Estes filmes até podem vir a ser obras-primas em seu próprio direito, bem vistas as coisas, as duas sequelas de Toy Story são excelentes filmes independentemente da sua associação ao original. Apesar disso, continua a deixar um trago amargo o facto de estarmos a perder potenciais clássicos instantâneos como Monstros e Companhia (2001), ou WALL-E (2008) só porque o colossal estúdio de animação prefere jogar pelo seguro. Como audiências devíamos votar contra isso da única maneira que conseguimos — com a carteira. Mas não o fazemos.

Felizmente para nós, À Procura de Dory é um deleite.

Grande parte do charme desta sequela vem da possibilidade de voltarmos a partilhar novas aventuras com Dory, Nemo e Marlin. No entanto, ao contrário do que muitas das sequelas deste ano têm feito, À Procura de Dory esforça-se por introduzir novas personagens memoráveis, como Hank o “septópode” ou Destiny a tubarão-baleia.

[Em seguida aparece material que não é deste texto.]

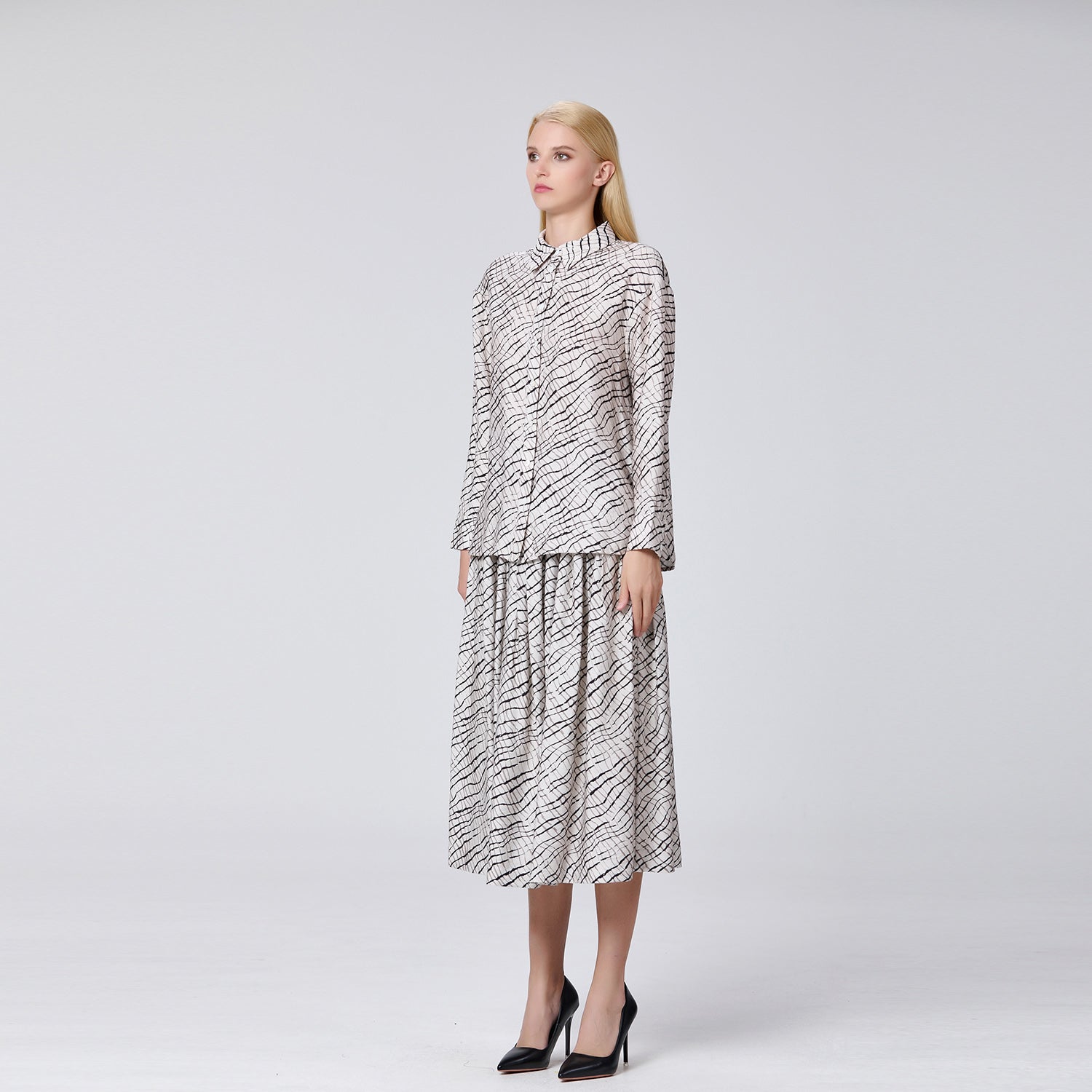 Long-sleeved shirt with graphic print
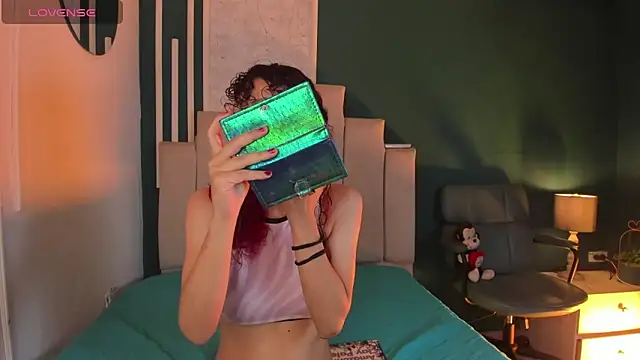 AliceMadnes online show from November 2025 09:18:02 PM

Estes novos peixinhos pintam as orlas da narrativa com a aparência de originalidade, apesar do enredo ser basicamente uma cópia chapada do filme original. Porém, graças ao diálogo intenso e humano que os argumentistas da Pixar teimam em nunca descurar, À Procura de Dory sucede largamente em reintroduzir-nos a este mundo e a estas personagens sem nos aborrecer ou dar a impressão que está a repetir muito do que já foi dito.

Isto porque a viagem de Dory, apesar de tudo, é diferente em termos emocionais da aventura de Marlin e Nemo no filme anterior, pois centra-se em temas mais adultos como a saudade e a memória, conceitos que jogam com a nossa própria nostalgia pela primeira entrada neste agora franchise subaquático. É uma jogada inteligente por parte da Pixar, que desde cedo mostra não se orgulhar de À Procura da Dory como se orgulhou, por exemplo, de Up — Altamente! (2009).

Ao contrário de Up, À Procura de Dory não possui nenhuma sequência tão intrinsecamente cinemática como a sequência inicial do romance entre Carl e Ellie, ficando-se por cortes constantes a flashbacks preguiçosos (mas incrivelmente adoráveis), e montagens paralelas sem a pujança narrativa que outros filmes da Pixar já haviam demonstrado.

No entanto, À Procura de Dory consegue ultrapassar este síndrome de sequilitis ao focar-se na viagem emocional da sua protagonista e nas repercussões reais de certos estigmas que associamos a pessoas com problemas mentais. Porque Dory é uma verdadeira heroína (ainda mais do que Marlin ou Nemo na obra original): apesar de ser ajudada por uma miríade de animais marinhos, é ela sozinha que acaba por encontrar os seus pais (spoiler) e superar os seus defeitos, com a sua incrível força de vontade. Tirando uma ou outra linha de diálogo menos bem conseguida, a Pixar não nos enfia esta moral pela goela adentro, preferindo construir a personagem de Dory como uma verdadeira pessoa — ou peixe — que escolhe viver tão bem quanto o resto do mundo apesar dos seus problemas. É inspirador e, francamente, de derreter o coração.

Talvez por isso tenha saído do cinema feliz com o filme, sorriso de orelha a orelha como não esperava ter. Sim, À Procura de Dory sofre dos mesmos problemas que a restante enxurrada de sequelas de 2016, e não esperem que a Pixar volte a impressionar com uma terceira aventura neste franchise. Mas ao contrário desses vómitos mal disfarçados, Dory esforça-se por nos dar algo novo e emocionante, com o seu humor caracteristicamente familiar e com as suas personagens esquisitas e fora do comum.